• [Exercise prompt]:
Give the data below again exactly as written, without its pictures.

• [Data block]:

┏━━

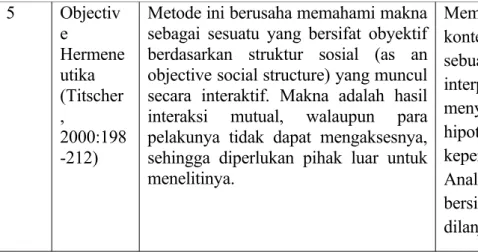Tabel 2 :  Ragam Metode Analisis Naskah Paradigmatik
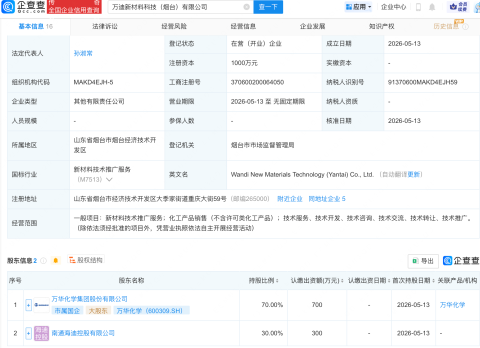 万华化学等在烟台成立新材料科技公司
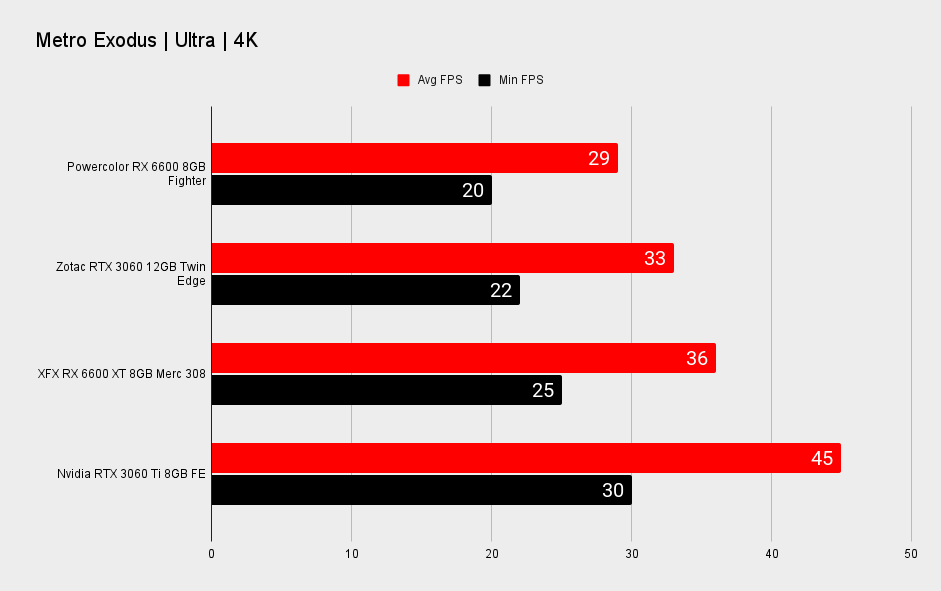 AMD Radeon RX 6600 4K performance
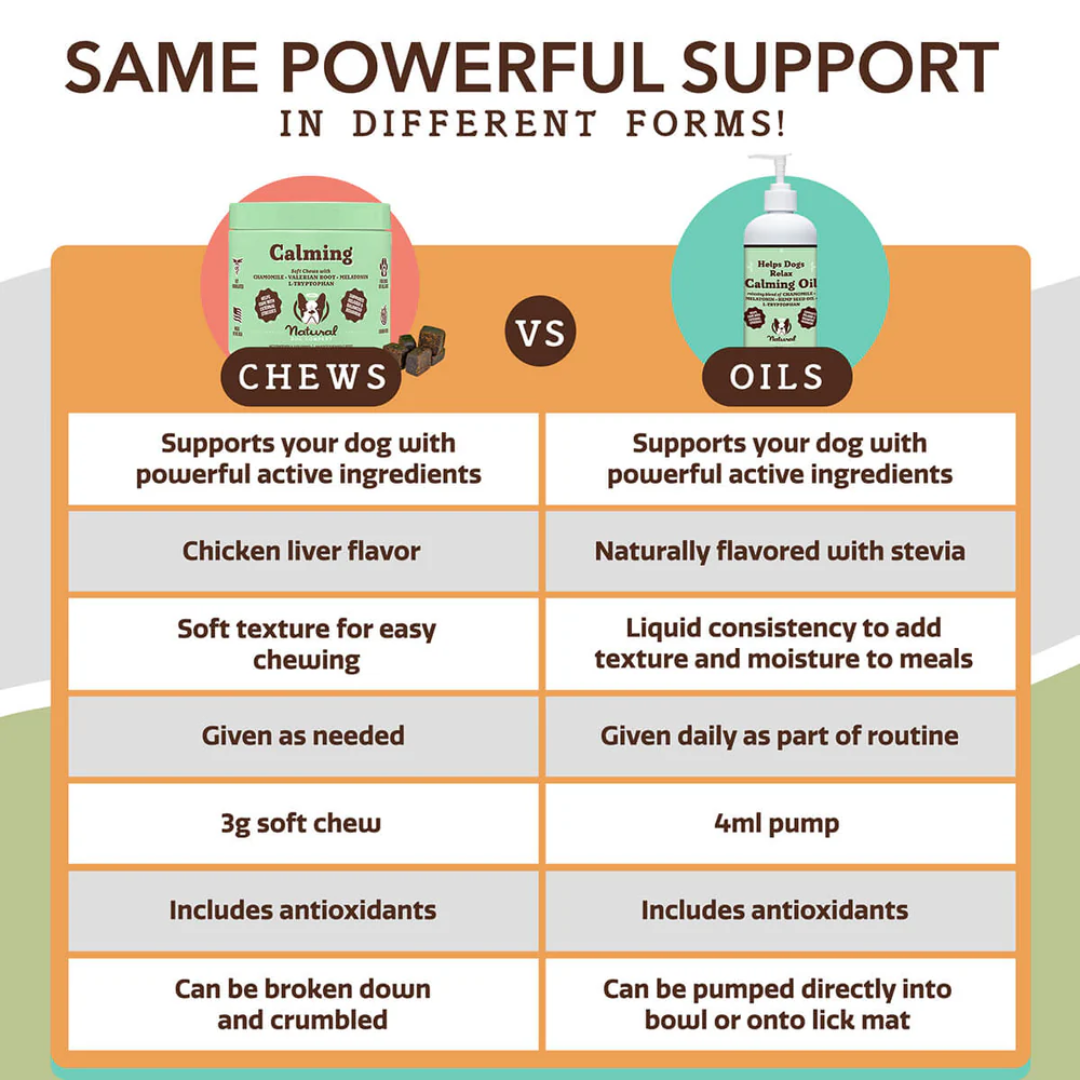 A comparison of both the calming oil and the Calming chews and how they may suit your dogs.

┗━━

• [Exercise result]:
Tabel 2 :  Ragam Metode Analisis Naskah Paradigmatik
 万华化学等在烟台成立新材料科技公司
 AMD Radeon RX 6600 4K performance
 A comparison of both the calming oil and the Calming chews and how they may suit your dogs.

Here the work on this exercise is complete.